When the plot is scrambled, don't worry about details; Anna Into Nightlight. Romance created and directed by Ping Chong and the Fiji Theater Company.
New York — Plot is controversial with some directors and filmmakers.
Is a story really necessary, or can imagery and structure carry a work by themselves? If you do tell a tale, must the beginning come first and the ending last? Or do we need new ways of looking at narrative?
''Anna Into Nightlight'' takes a middle road. It has a good story, with a reasonable number of characters and conflicts. But the plot has been fractured and shuffled, its pieces arranged into a strange new order. So attention is directed to other qualities of the show - its unconventional images, allusions, and stagecraft.
It's a slightly dizzying experience, and ultimately a dazzling one. The trick is not to worry about the details of the story, but let yourself drift gently along with Chong's slow and stately vision, in which nothing is quite as neat, predictable, or even real as it first appears.

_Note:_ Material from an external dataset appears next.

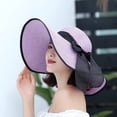 thumbnail image 1 of OOOUM Womens Wide Brim Sun Hats Elegant Vintage Floppy Straw Hat Packable Summer Beach Vacation Hats Purple, 1 of 4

It doesn't matter which sister wins the man they both love. What does matter is the unique visual style, the elegant blending of stage and film effects, the ingenious new perspective Chong brings to all kinds of standard dramatic situations.
Especially notable is Chong's ability to transform ordinary scenes into stunning theatrical moments - not by expanding or heightening them, but by distilling their essential meanings and emotions. Though many of the show's words and gestures have no ''message'' except the moods they create, there is hardly a wasted moment during the brief running time of about an hour.